New Zeland - North Island


Auckland!!
Auckland is the first place I’ve seen that nestles. Lookingat the city from a vantage point like Mt Eden, the way that the buildings crowd round the edges of the city’s many green volcanoes reminds me of the way a cat rubs the back of his neck against your leg; Auckland positively embraces its peaks. Some of the cones even have cows grazing on them: there can’t be many other non-Hindu cities that have cows in their very midst.

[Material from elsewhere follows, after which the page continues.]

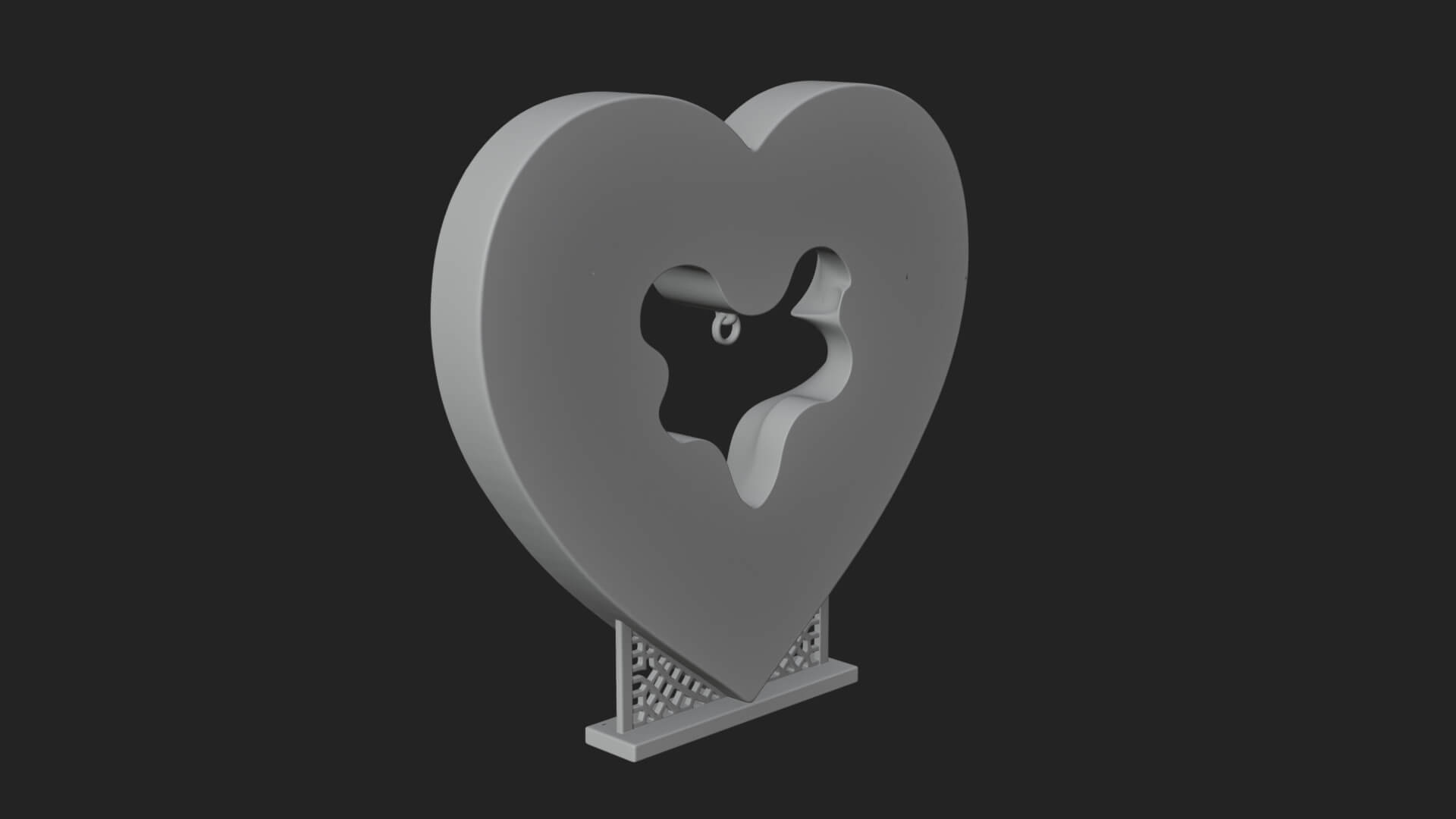 Ornate Framed Heart Plaque Design 235 3D Print Model 3D Model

How worrying, then, that the volcanic field that Auckland sits on is ‘dormant’ – for which read ‘could wake up at any time’. The most recent addition to Auckland’s igneous family is Rangitoto, a wide, forbidding peak that suddenly appeared in the middle of Auckland harbour some 600 years ago, and whose activities only stopped about 200 years ago; it’s pretty untouched by
humans, and its looming slopes – which always look dark, even in bright sunlight – dominate the view. My hostel was situated right at the bottom of the biggest cone in the city area – Mt Eden, a luscious, green hill with a huge crater in the top – and although most sane people wouldn’t consider living in a dormant volcanic field, it’s water off Aucklanders’ backs.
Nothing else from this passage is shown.